**Exercise data**
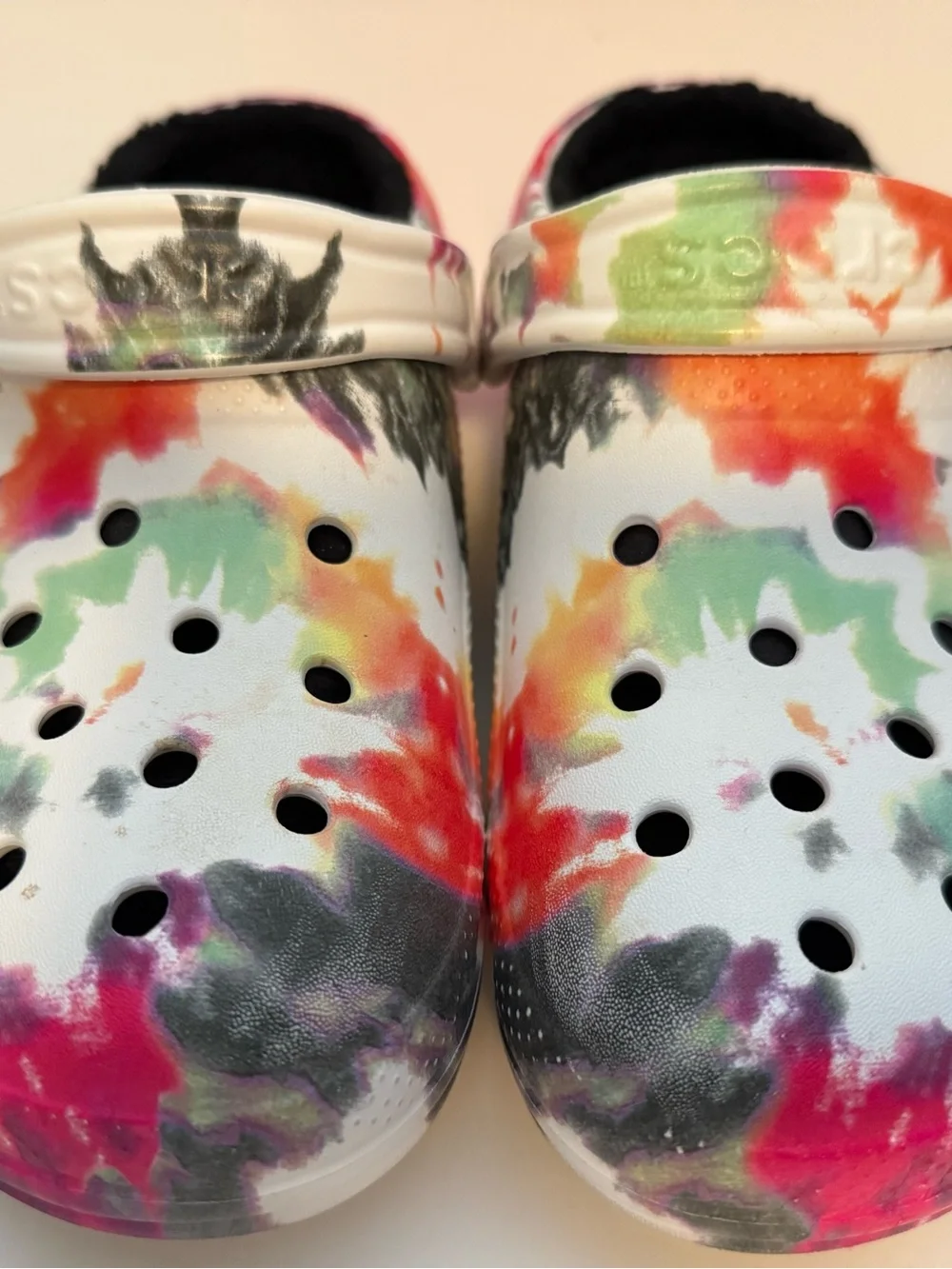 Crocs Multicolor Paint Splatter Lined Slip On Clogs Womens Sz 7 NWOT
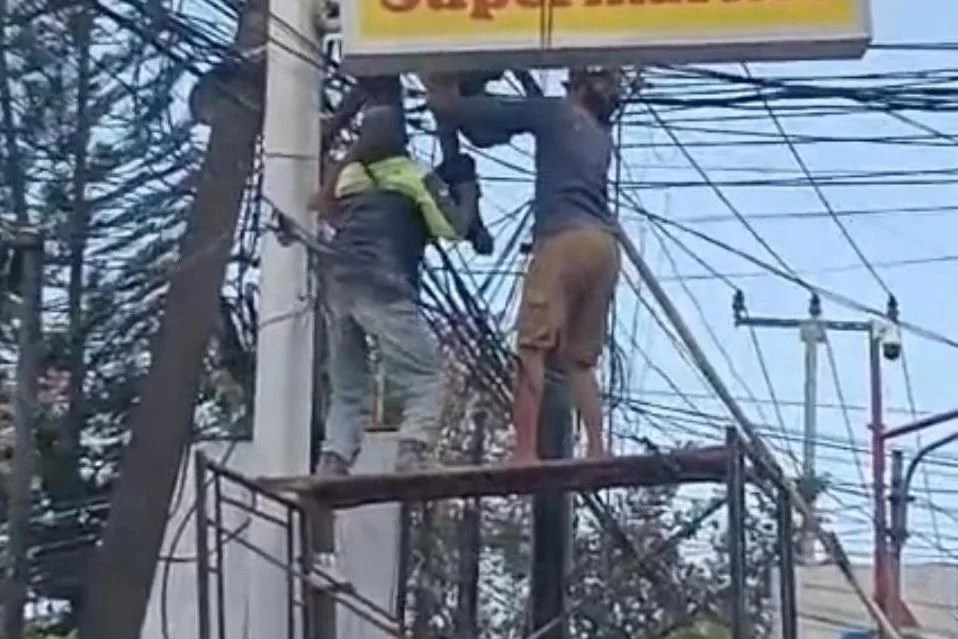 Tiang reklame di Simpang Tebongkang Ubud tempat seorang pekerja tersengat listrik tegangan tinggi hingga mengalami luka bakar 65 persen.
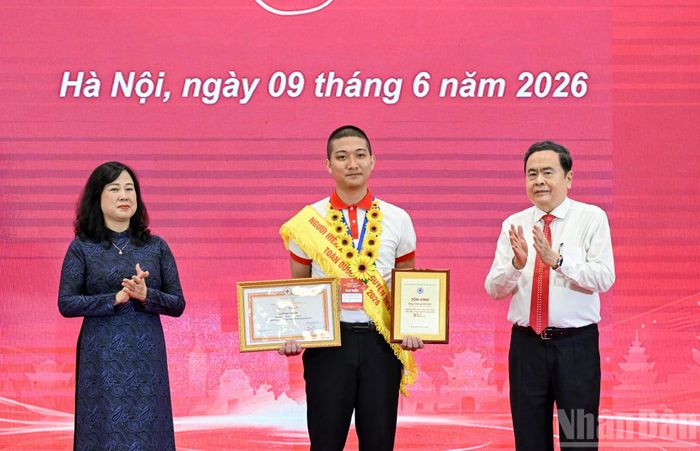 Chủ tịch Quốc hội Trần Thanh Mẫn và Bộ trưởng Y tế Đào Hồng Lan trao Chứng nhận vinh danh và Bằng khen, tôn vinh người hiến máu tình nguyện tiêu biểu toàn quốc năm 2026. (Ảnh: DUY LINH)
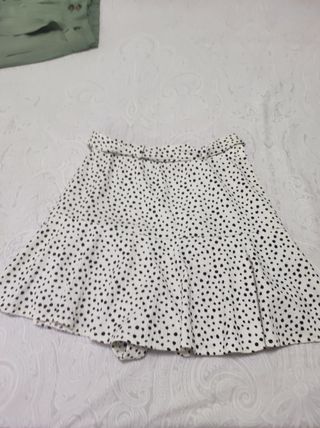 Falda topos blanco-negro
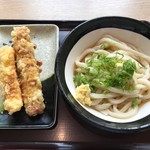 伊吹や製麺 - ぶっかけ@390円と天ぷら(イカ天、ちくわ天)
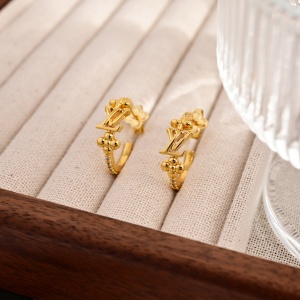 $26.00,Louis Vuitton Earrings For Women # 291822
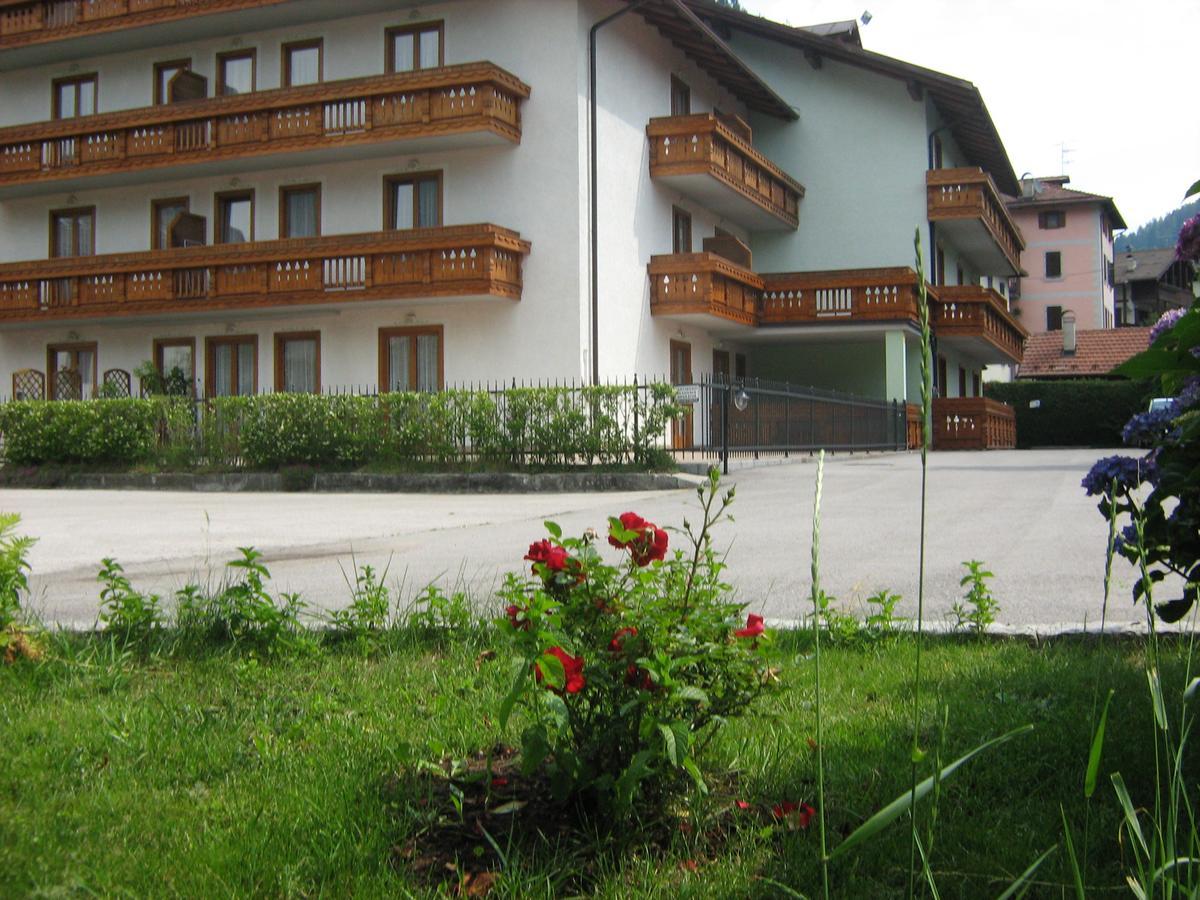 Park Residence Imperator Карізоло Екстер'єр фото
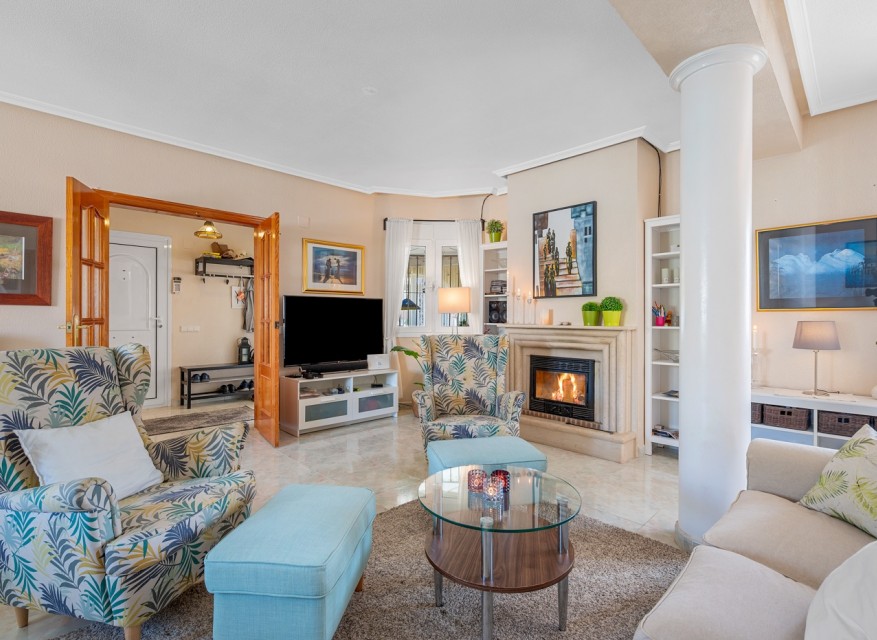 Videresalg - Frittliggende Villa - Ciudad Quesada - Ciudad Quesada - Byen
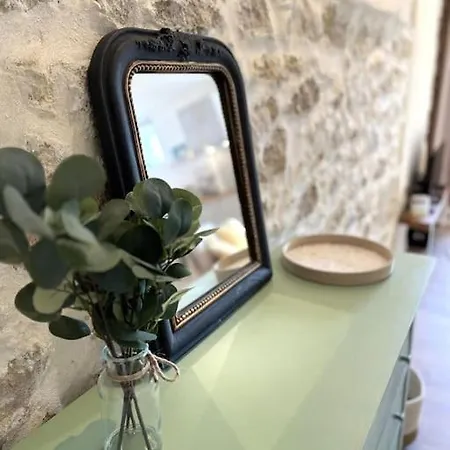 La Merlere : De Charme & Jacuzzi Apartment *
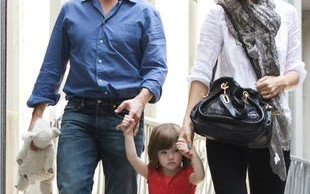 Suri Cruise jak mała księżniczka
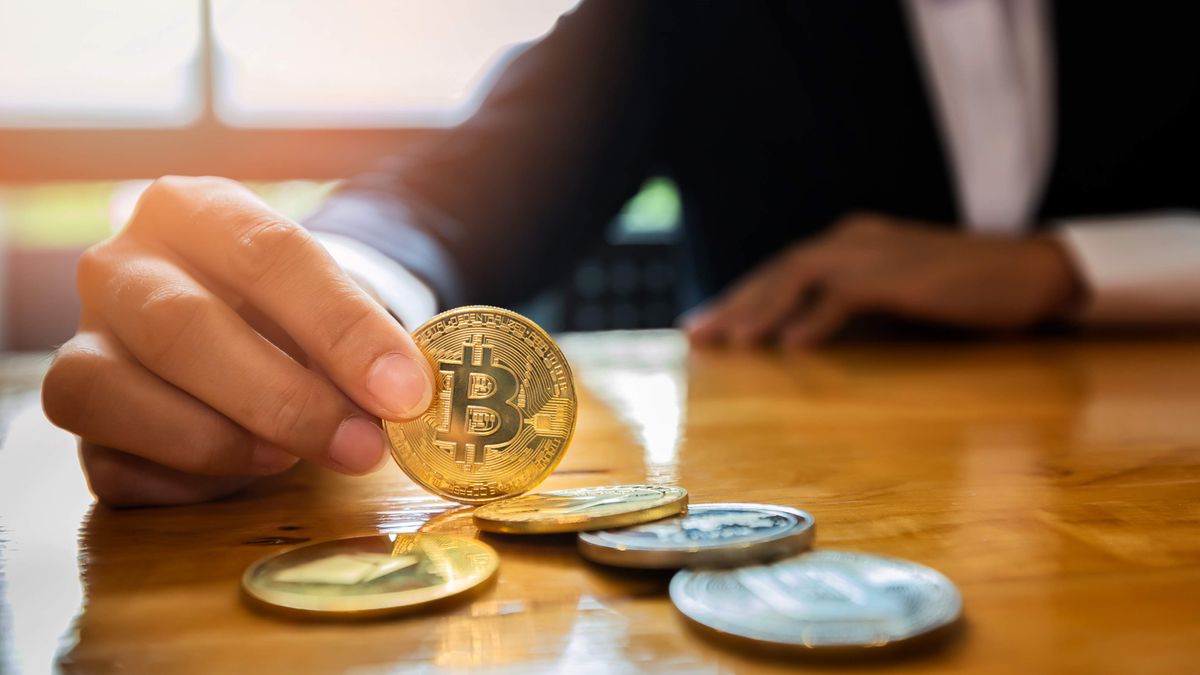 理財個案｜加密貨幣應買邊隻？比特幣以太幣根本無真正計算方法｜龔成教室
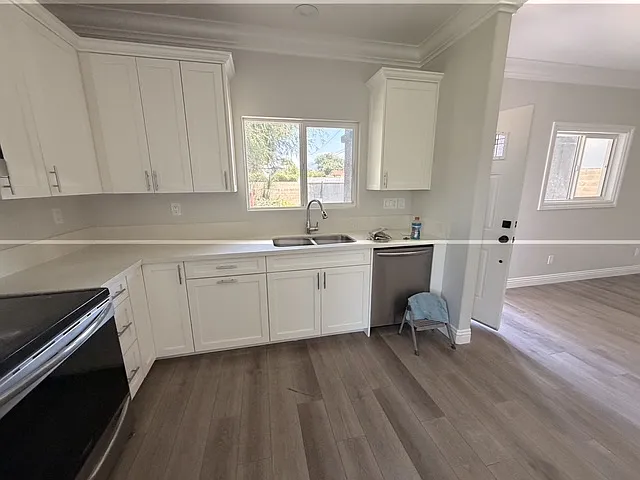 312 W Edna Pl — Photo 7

**Task to complete**
Output the data above without changes, apart from leaving out the pictures.

**Result for this exercise**
 Crocs Multicolor Paint Splatter Lined Slip On Clogs Womens Sz 7 NWOT
 Tiang reklame di Simpang Tebongkang Ubud tempat seorang pekerja tersengat listrik tegangan tinggi hingga mengalami luka bakar 65 persen.
 Chủ tịch Quốc hội Trần Thanh Mẫn và Bộ trưởng Y tế Đào Hồng Lan trao Chứng nhận vinh danh và Bằng khen, tôn vinh người hiến máu tình nguyện tiêu biểu toàn quốc năm 2026. (Ảnh: DUY LINH)
 Falda topos blanco-negro
 伊吹や製麺 - ぶっかけ@390円と天ぷら(イカ天、ちくわ天)
 $26.00,Louis Vuitton Earrings For Women # 291822
 Park Residence Imperator Карізоло Екстер'єр фото
 Videresalg - Frittliggende Villa - Ciudad Quesada - Ciudad Quesada - Byen
 La Merlere : De Charme & Jacuzzi Apartment *
 Suri Cruise jak mała księżniczka
 理財個案｜加密貨幣應買邊隻？比特幣以太幣根本無真正計算方法｜龔成教室
 312 W Edna Pl — Photo 7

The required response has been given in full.